Work item
The exercise calls for exact output of the lines between the one that contains "Pack Expert Pro" and the end of the data, with both ends kept and pictures left out.

[Data extracts]

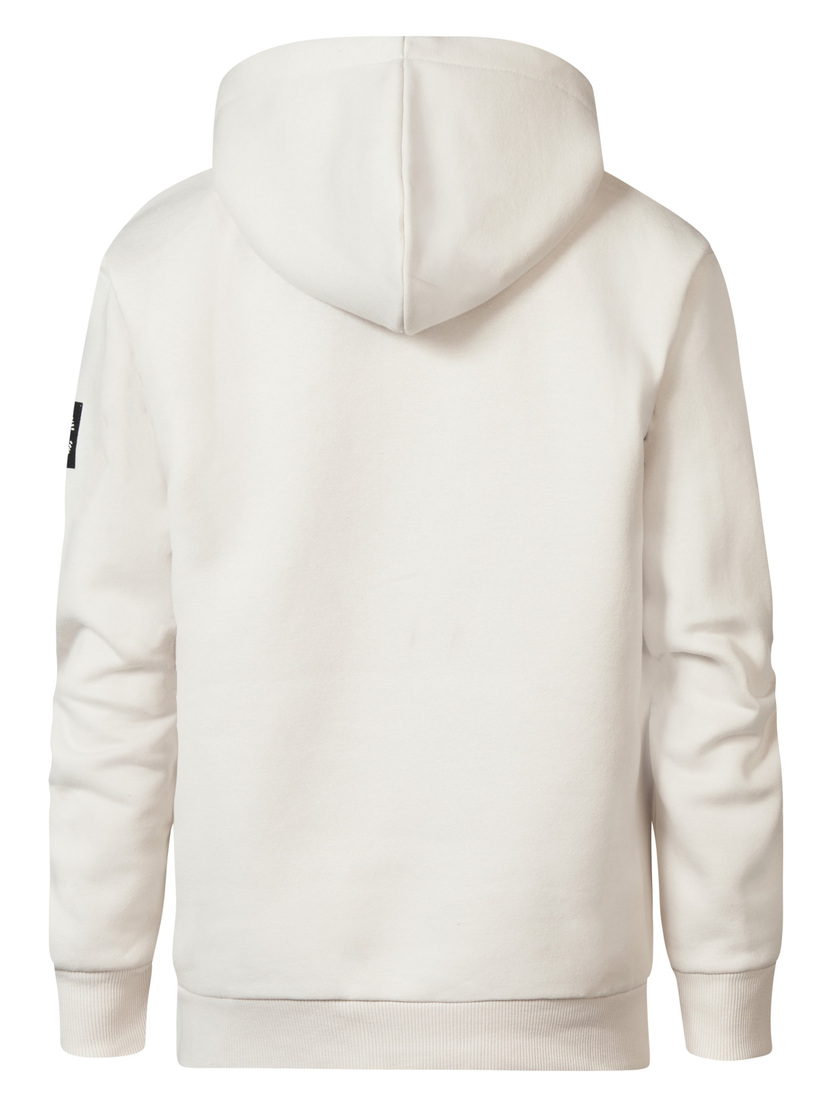 Boys Sweater Hooded Zip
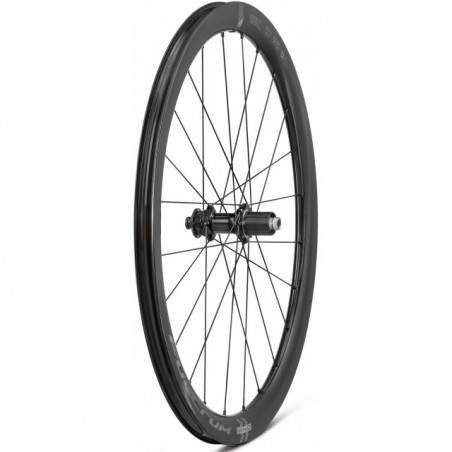 Fulcrum Wind Carbon DB 42C Hinterrad, Shimano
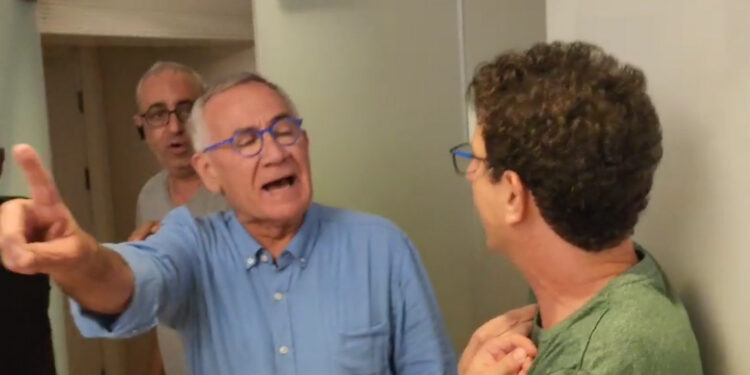 ראש עירית הרצליה, מר משה פדלון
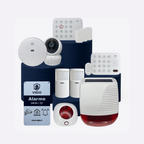 Pack Expert Pro - Alarme professionnelle sans abonnement VIGIO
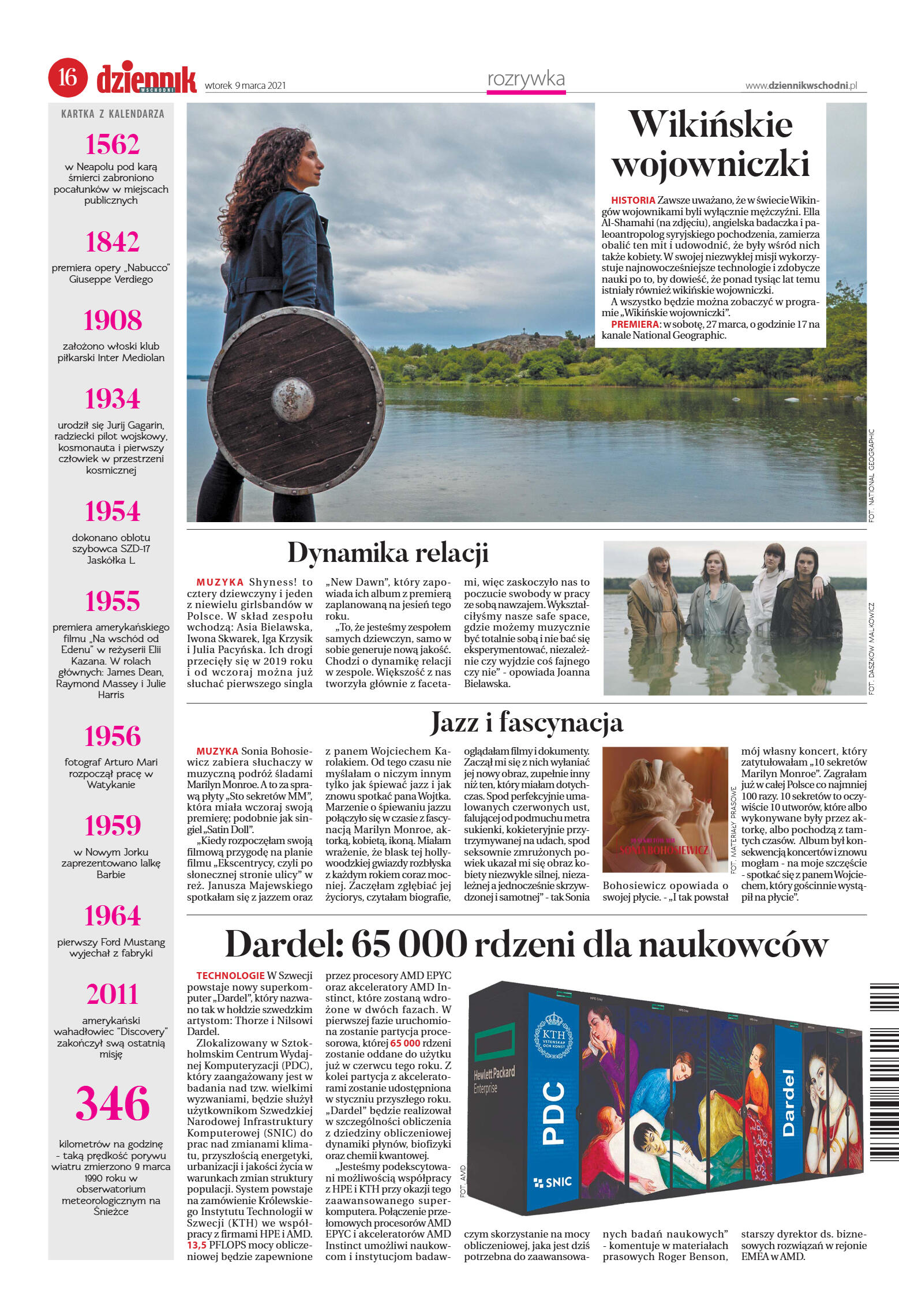 Wydanie podstawowe - strona 16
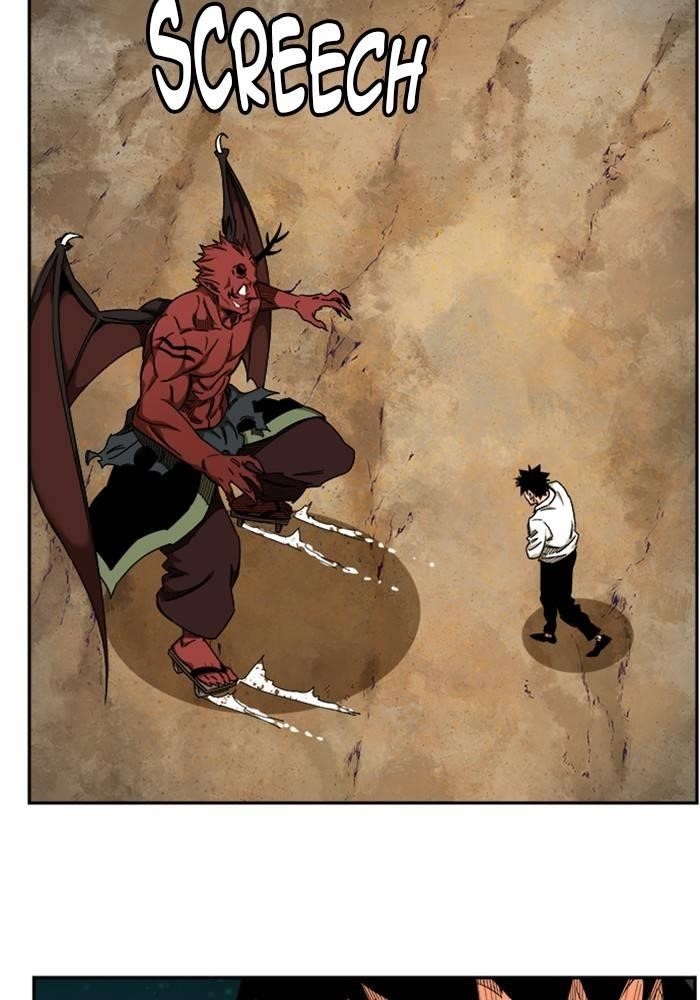 The God of High School Chapter 516 - Page 138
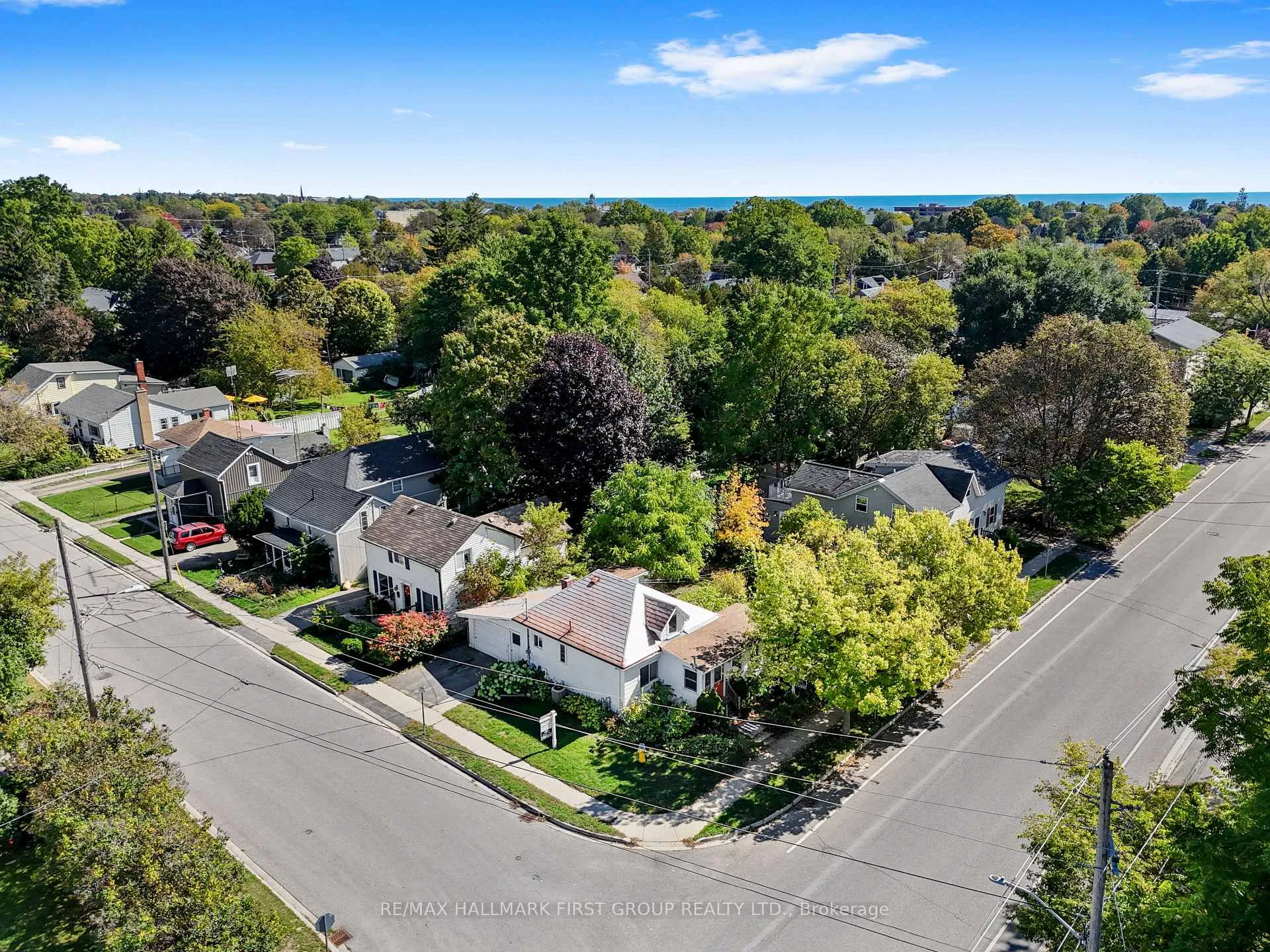 Photo 33 of 446 Ontario Street, Cobourg — HOMEH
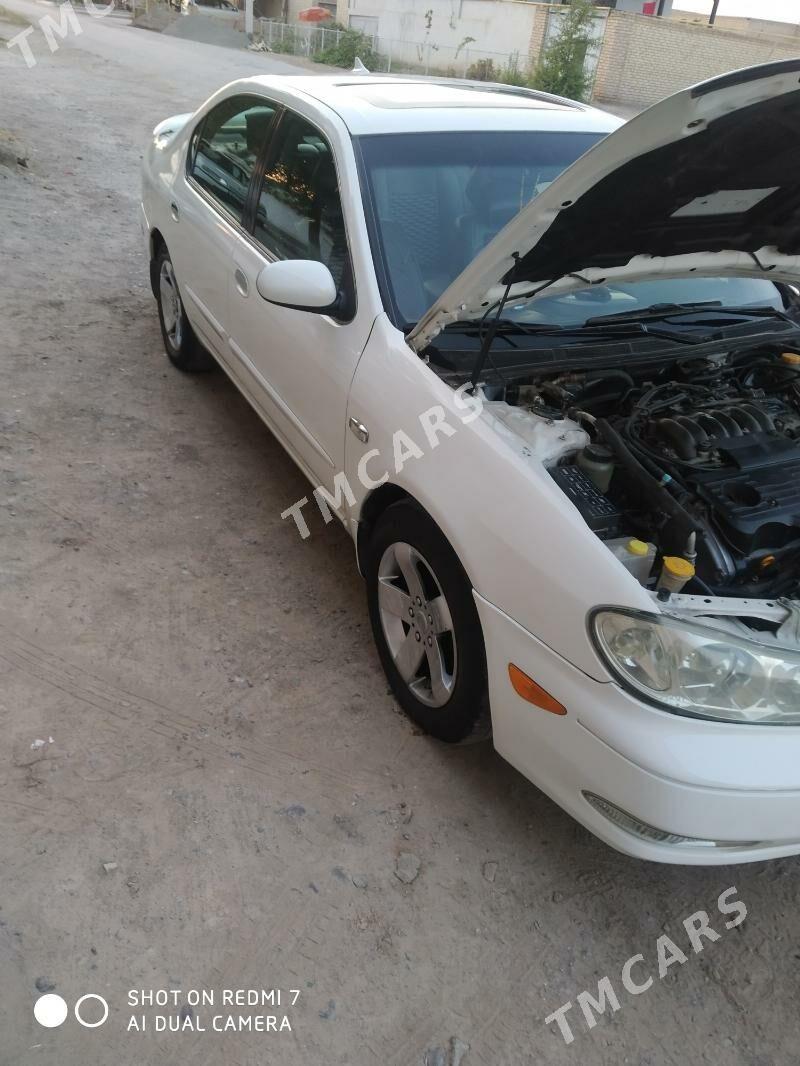 Infiniti I30 2001 - 90 000 TMT - Туркменабат - img 2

[/Data extracts]

Written solution
 Pack Expert Pro - Alarme professionnelle sans abonnement VIGIO
 Wydanie podstawowe - strona 16
 The God of High School Chapter 516 - Page 138
 Photo 33 of 446 Ontario Street, Cobourg — HOMEH
 Infiniti I30 2001 - 90 000 TMT - Туркменабат - img 2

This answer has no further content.